Argentina and the Baltic are roughly Antipodes, which might explain the longstanding obsession with tango in the Baltic states. Gidon Kremer's intoxicating performances of Piazzolla's  music are spreading the infatuation to points in between in a kind of Dionysiac progress. The UK is already caught up -- this repeat visit to London, after a sold-out performance in last summer's South Bank Meltdown, is part of tour of six English cities.

Yet Kremer's own performance, at the heart of this programme, has an Apolline purity and beauty as well. Kremer makes the violin sing with a nearly human voice, in colour and expressiveness, with a chorister's top notes, Kathleen Ferrier's lower register, Carmen's mid-range. He began the concert with a lyrical solo étude. A characteristically breathless one followed, which with any other composer would have been difficult to top, but it was only a gentle introduction to Piazzolla.
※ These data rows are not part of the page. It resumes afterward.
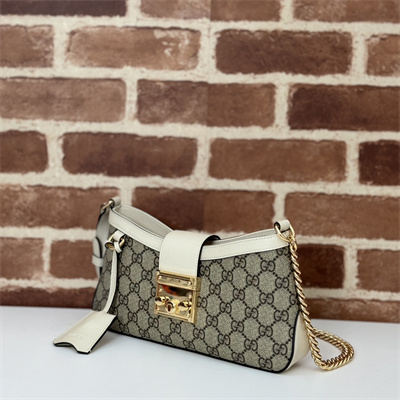 Gu.cci Padlock Small Shoulder Bag Beige and ebony GG Supreme canvas White Leather Trim 811705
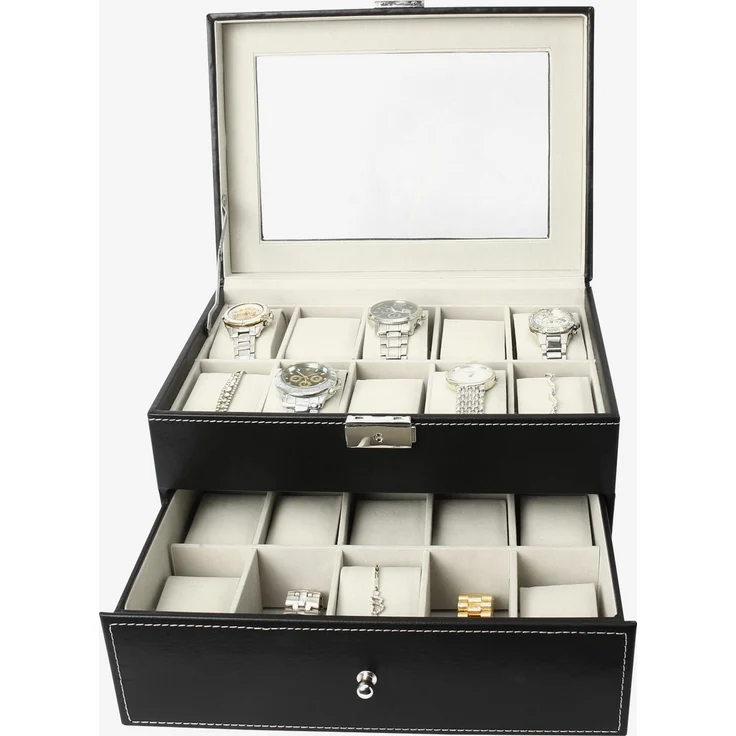 Todeco - Uhrbox, Uhr und Armband Aufbewahrung - Material der Box: MDF - Kissenmaterial: Samt - 20 Uhren mit Schublade und Display, Schwarz/Beige – Bild 4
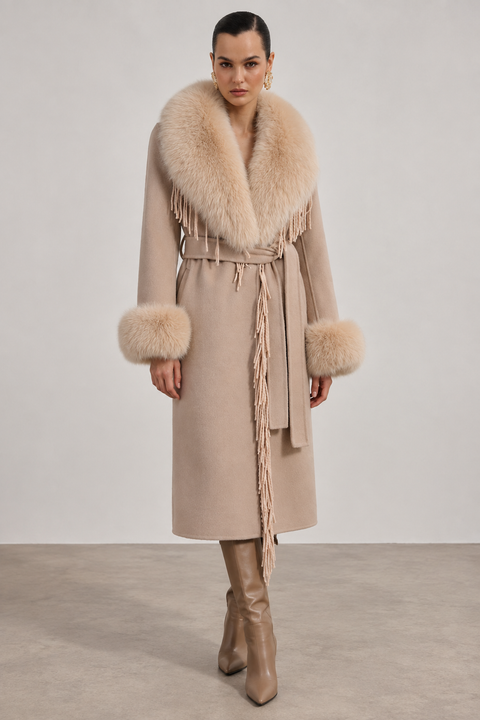 Cappotto in lana con frange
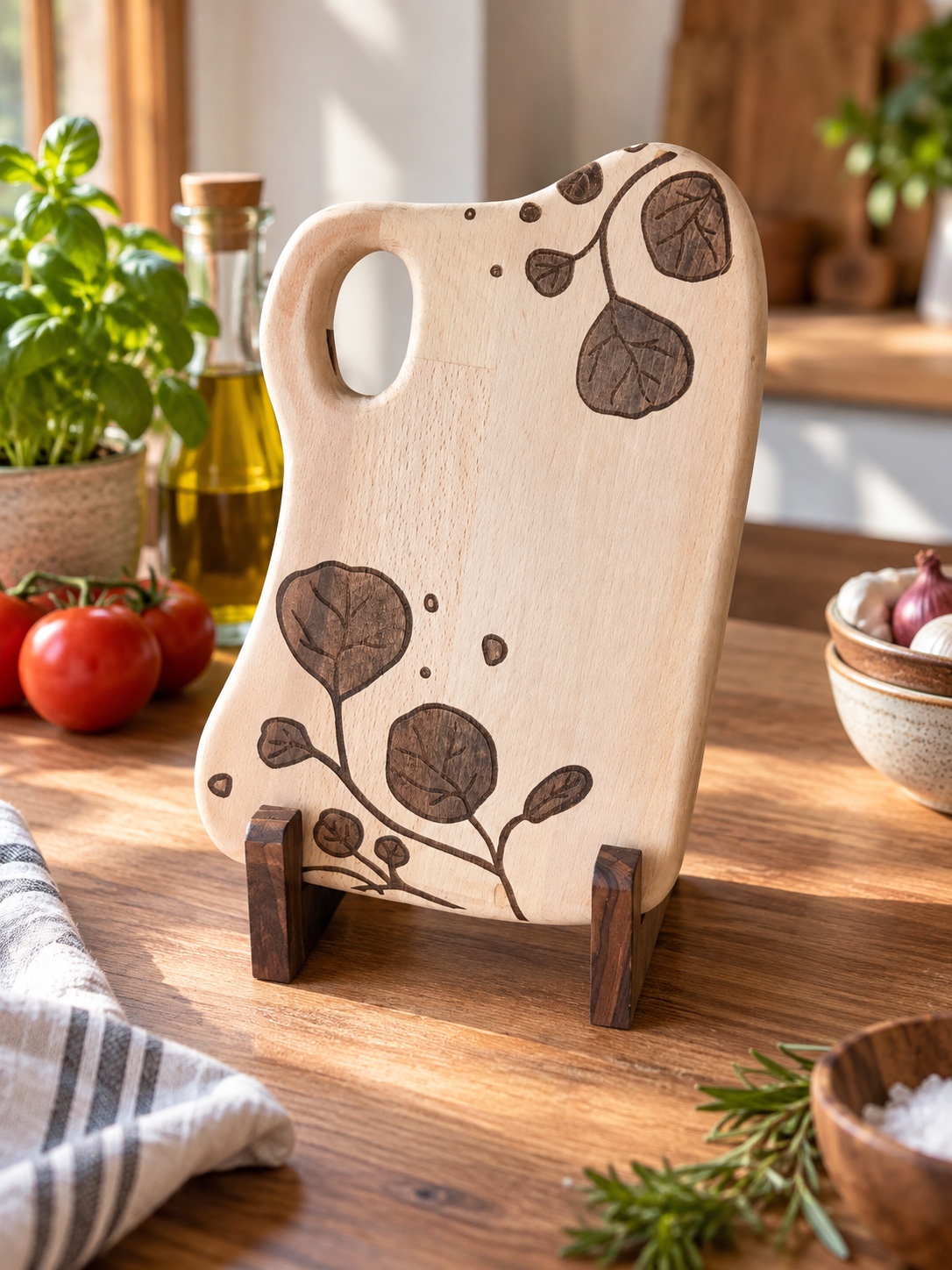 Planche gravée d’un motif végétal présentée sur son support en bois dans une cuisine lumineuse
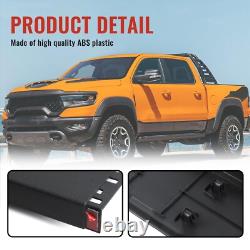 5.7ft Truck Bed Rail Caps for Dodge Ram 1500, Black Smooth Finish Side Back w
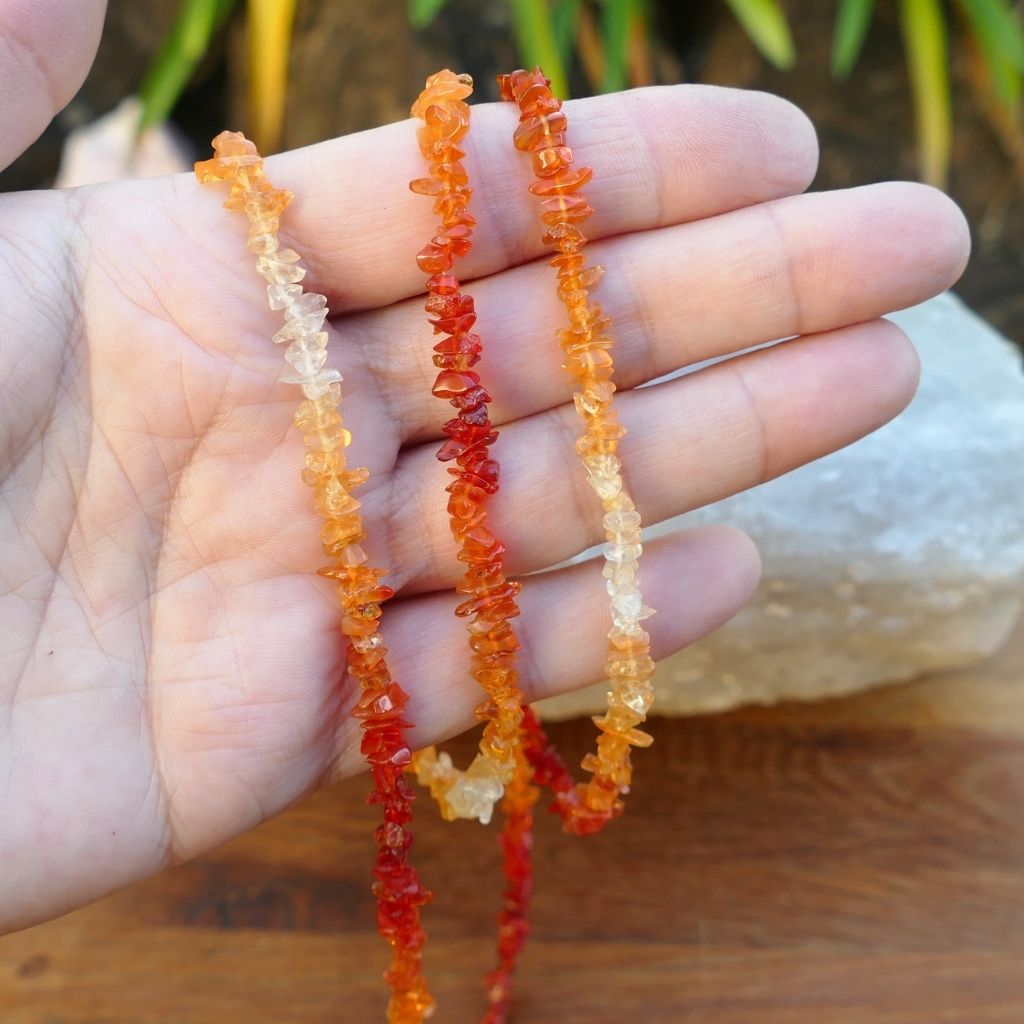 Fire Opal Necklace Australia | Crystal Chip Necklace 36”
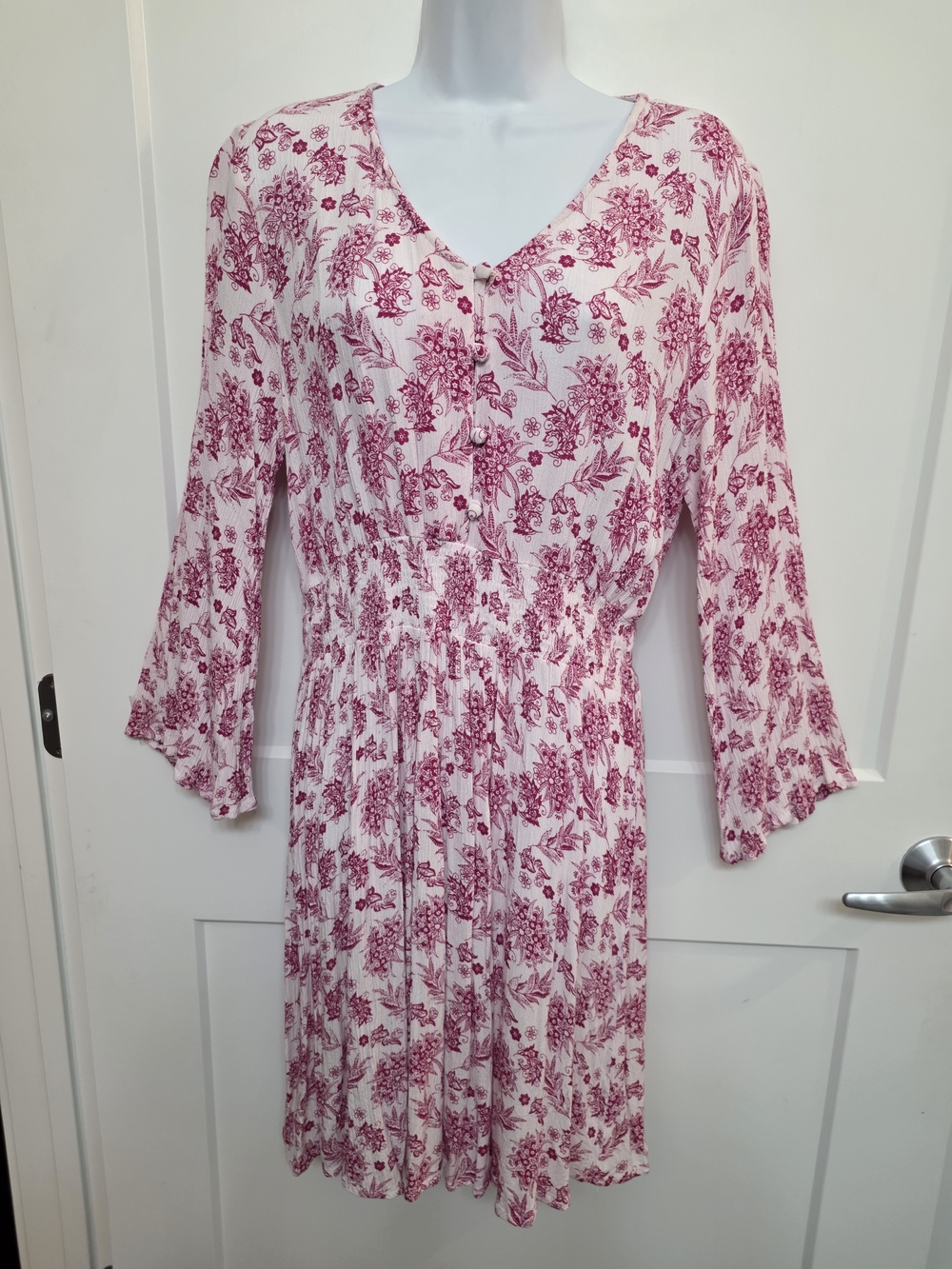 Floral Pink V-Neck Smocked Waist Boho Dress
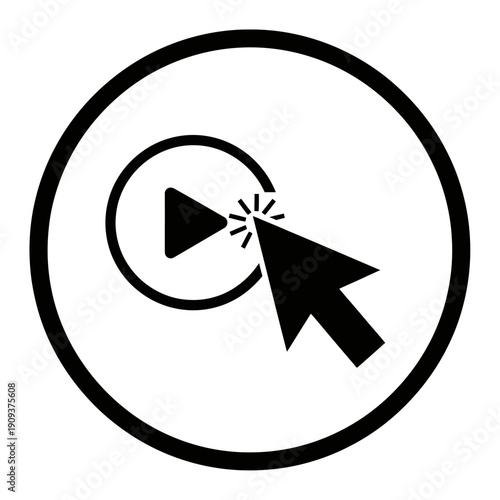 Icon of a play button and a cursor in a circle, signifying an interactive element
In the rest of the skillfully organized first half, other voices joined in. First, cello and viola provided a dramatic background to the "song" of the the violin in Milonga sine palbras, then took a more competitive role in the manic Rio Sena, described by one member of the audience as "tangy", and finally shared the melodic work in the breathtakingly beautiful Chiquilin de Bachin. A second violin joined in for a set of trademark works, arranged with comparatively conventional tango effects and string quartet dramatics. The dancer Eglé Spakalité completed the team in the final Milonga per tre, adding spatial sense to the already physical and emotional impact of the musical dialogues.

The second part of the concert was slightly less cohesive musically, perhaps, but had a similar dramatic shape and focussed strongly on the feelings, physical, emotional and even spiritual, that are always implicit in the music. Marcelo Nisinman began with a solo bandoneon piece, Oblivion, then he and Kremer played two contrasting duets. The second of these, Jeanne et Paul, was richly romantic. The final set, Five sensations, was a tour de force of both composition and expression. Movements entitled Asleep, Loving, Anxiety, Despair and Fear, evoke those feelings not only within the tango form, but also using a range of styles and composition techniques from impressionistic snatches in Asleep to a pulsing fugue in Fear.

Although Kremer is the heart of the ensemble, his outstanding team of young musicians deliver more than worthy collaboration, and promise even greater things. Magic.